The point I've been making remains the same. All Christians should be of one heart and one soul; that is, they all should be in fellowship. "Now I plead with you, brethren, by the name of our Lord Jesus Christ, that you all speak the same thing, and that there be no divisions among you, but that you be perfectly joined together in the same mind and in the same judgment" (I Corinthians 1:10). Because that fellowship exists, we see it expressed in various ways of sharing everything we have in common with those of like mind. The sharing of things always occurs after the sharing of the heart and mind.

But it can't go the other way. You can't share things to create a fellowship. That was Paul's point in II Corinthians 6: "Do not be unequally yoked together with unbelievers. For what fellowship has righteousness with lawlessness? And what communion has light with darkness? And what accord has Christ with Belial? Or what part has a believer with an unbeliever? And what agreement has the temple of God with idols? For you are the temple of the living God. As God has said: 'I will dwell in them And walk among them. I will be their God, And they shall be My people'" (II Corinthians 6:14-16). Doing things jointly with people with whom you don't have the same mind and the same heart will not create a fellowship. The true danger is that it can corrupt your ideas. "Do not be deceived: 'Evil company corrupts good habits'" (I Corinthians 15:33). A fellowship might evolve but by Christians returning to the world of wickedness.

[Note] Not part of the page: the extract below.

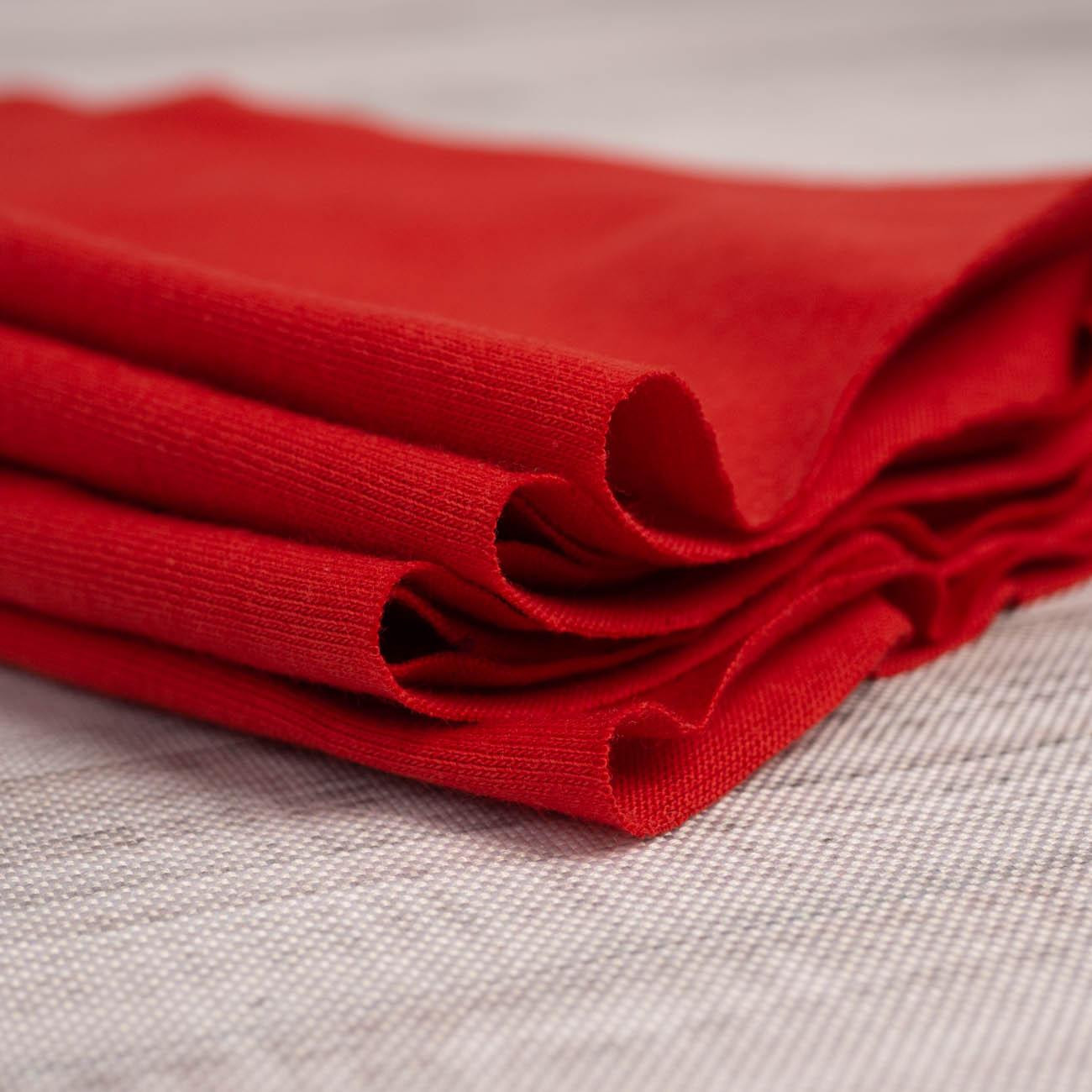 D-18 RED - T-shirt knit fabric 100% cotton T140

What has happened over the years is an attitude that if we set people down for meals together, we can make them have fellowship with each other. It is generally what people have in mind when creating "fellowship halls." It is toward this idea that I've been addressing. It is backward. The church is told to create fellowship between Christians through the teaching of the Gospel. Those in fellowship then share things together, though the church isn't necessarily involved in all demonstrations of commonality. As a matter of fact, the church is not the place for common meals. "What! Do you not have houses to eat and drink in? Or do you despise the church of God and shame those who have nothing? What shall I say to you? Shall I praise you in this? I do not praise you. ... But if anyone is hungry, let him eat at home, lest you come together for judgment" (I Corinthians 11:22, 34). But we find people trying to wiggle out of this by claiming they are providing "fellowship" through the meals. God didn't give the church such a command and it misses the point about what is fellowship.